Validity of the findings

This is a cross-sectional study and the analysis performed is statistically sound.

Additional comments

Abstract
a- Last sentence of results I would rephrase the sentence to avoid using “respectively” by just moving the percentage and the AOR parenthesis just after the two variables the data refer to.
Methods
a- Line 99, at the end of the sentence there is a number that needs to be deleted. Maybe this was a reference from a previous version of the manuscript.
b- Setting is well explained and very detailed.
c- Line 106, I would suggest adding a reference for the STEPS questionnaire for those readers who are not familiar with this questionnaire.
d- Line 109, I would suggest adding “was” after “open-ended questions”.
e- Lines 114 to 116 would be easier to read if split into two sentences: one on the individuals and the other about the households and maybe starting with the households’ part.
f- Lines 116 to 119, it would be good to know when this first phase was done, whether it was done at a household visit or in the health facilities and whether it was done using the modified STEPS questionnaire. This will help to understand line 122 and 123 when authors refer to household-based surveys and measurement clinics.
Participants
a- Line 127, the authors refer to 400 participants as the population used to select the study sample but, in the abstract, they mention 393 participants. Please clarify.
b- It is not clear how these 131 adults were selected from the 393 or 400 participants and whether the level in the treatment cascade were they were found was used in the selection. For example, people who had known their hypertension condition for few years should be at the end of the treatment cascade with controlled blood pressure but those recently diagnosed possibly would only be on the screen or diagnosis phase. Please clarify.
c- If there is the need to cut words in this manuscript, this section could be reduced as most of the data is already in Table 1.
d- Line 128, I would say “Over two fifths (42.7%) were 60 plus years old, nearly a quarter (23.7%)…” I would put a full-stop after unemployment to separate socio-demographic data from measured data.
Measurements and definitions
a- The description of the different measurements is excellent.
b- I would only avoid the use of “respectively” in line 151 by placing the values after the different levels of diabetes used. The same applies to line 165 and levels of Physical activity.

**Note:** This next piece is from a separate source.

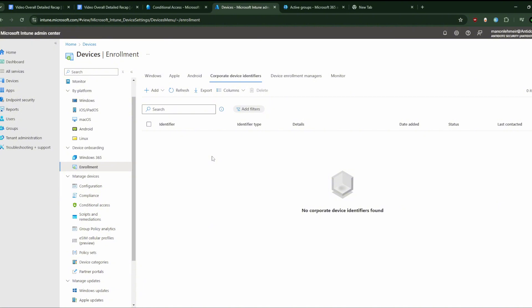A common issue I've seen is that some corporate devices are incorrectly classified as personal. To fix it, you need to ensure that the actual serial numbers of the device are pre-registered in the corporate device identifiers.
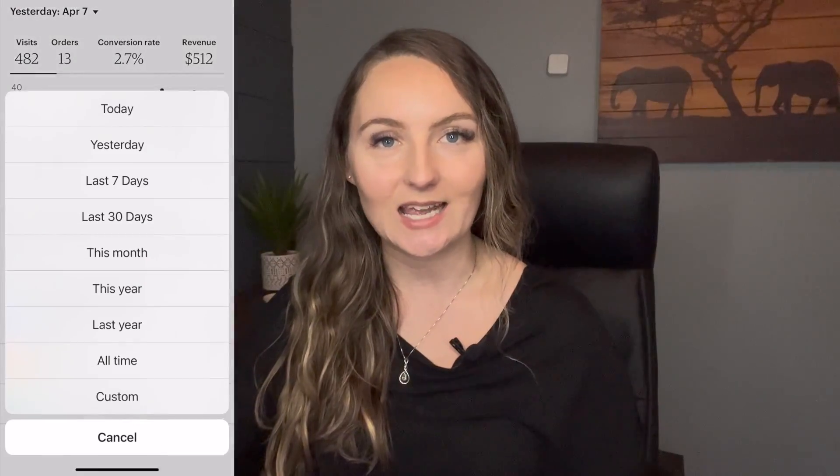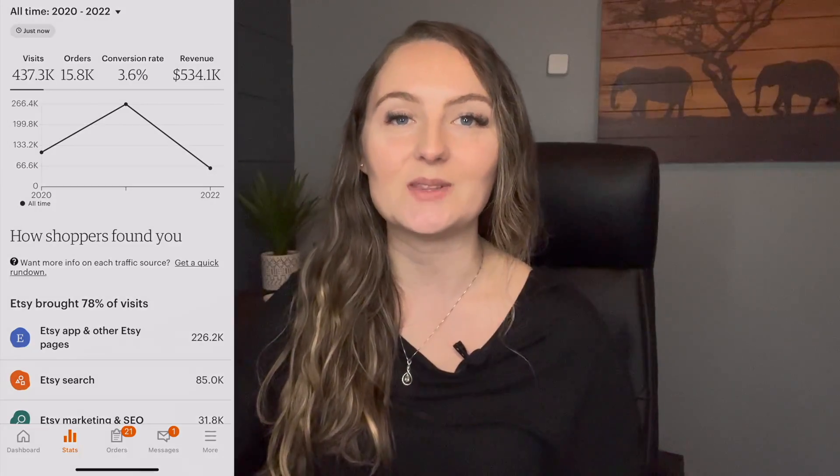Hello and welcome back to my channel. If you're new here, my name is Cassie. I've sold over half a million dollars on Etsy using print-on-demand and my channel is all about teaching you how to do the same thing.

c- Please add the acronym PA after Physical activity in line 160.
Outcome variables
a- Line 170, I would add “the” before “outcome”.

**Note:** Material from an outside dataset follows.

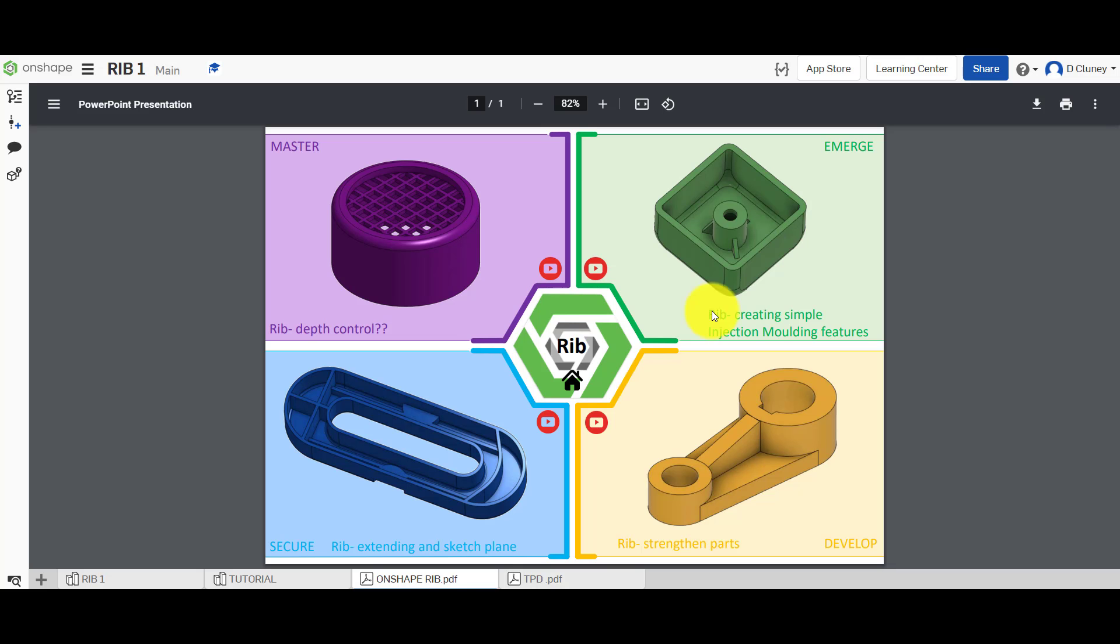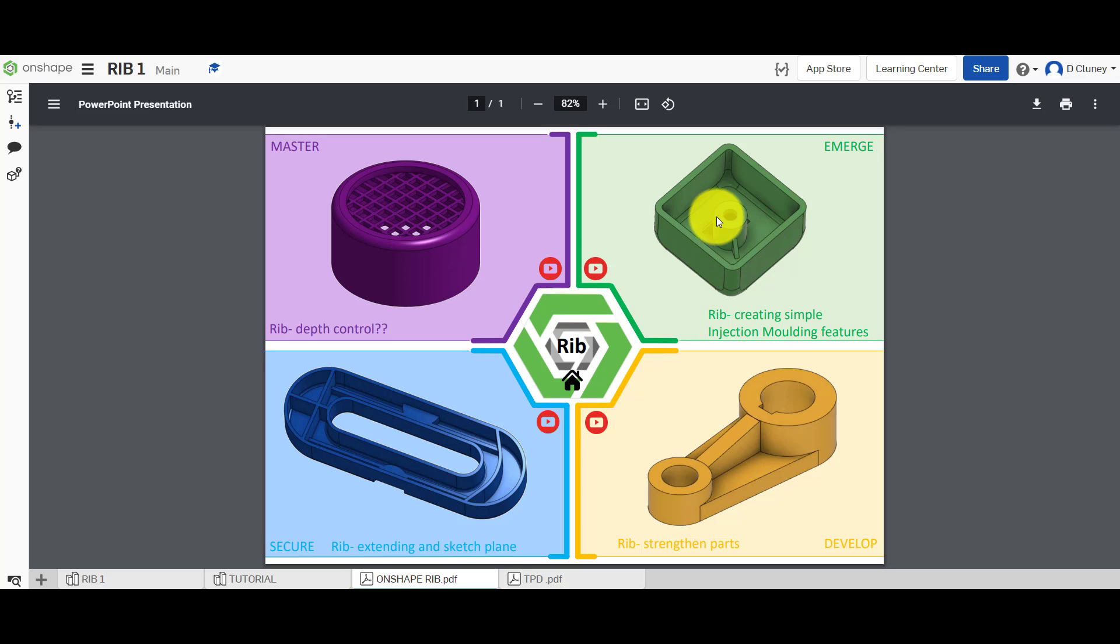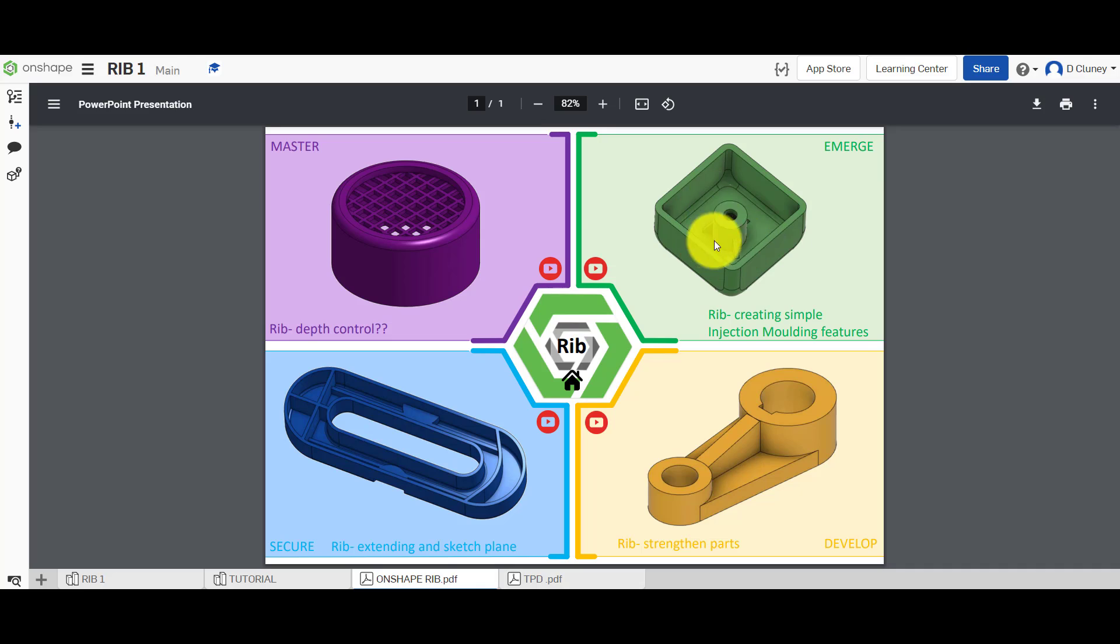So we're going to start off on this green challenge in the top right hand corner by adding a simple feature to this boss. This boss you might find in an injection molded design part and it's something that I tend to cover at GCSE and A level.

b- Line 173, I would rephrase the sentence to avoid using “respectively”.
Results
a- The results are well explained and the reference to tables is clearly stated.
b- Line 201, I would rephrase the sentence to avoid using “respectively”.
c- Line 213 and 215, please specify in which direction BMI is associated to awareness of hypertension. Where they “more” aware of their status?
d- Line 218, I would say “participants aged 60 years and above”
e- Under Factors associated with screening for hypertension, I would suggest presenting employment effect together and then marital status, avoiding repetitions.
Discussion and conclusions
These two sections are very well written and expressed. The authors finish the manuscript with important policy and strategic recommendations that could be useful in future primary health care planning for chronic conditions.
a- I would only recommend introducing some references on how Community Health Workers were introduced in South Africa and what are the Government expectations on their work as first line to fight NCD.
b- First and fourth paragraph (lines 238-248 and 266-274) refer to access to health care. I would recommend joining them or placing them one after the other.
c- Not sure I am following the importance of the sentence in lines 306 to 309 as an explanation of why women have higher control of their blood pressure compare to men. Moreover, the rest of the explanation makes total sense making this sentence, in my opinion, unnecessary.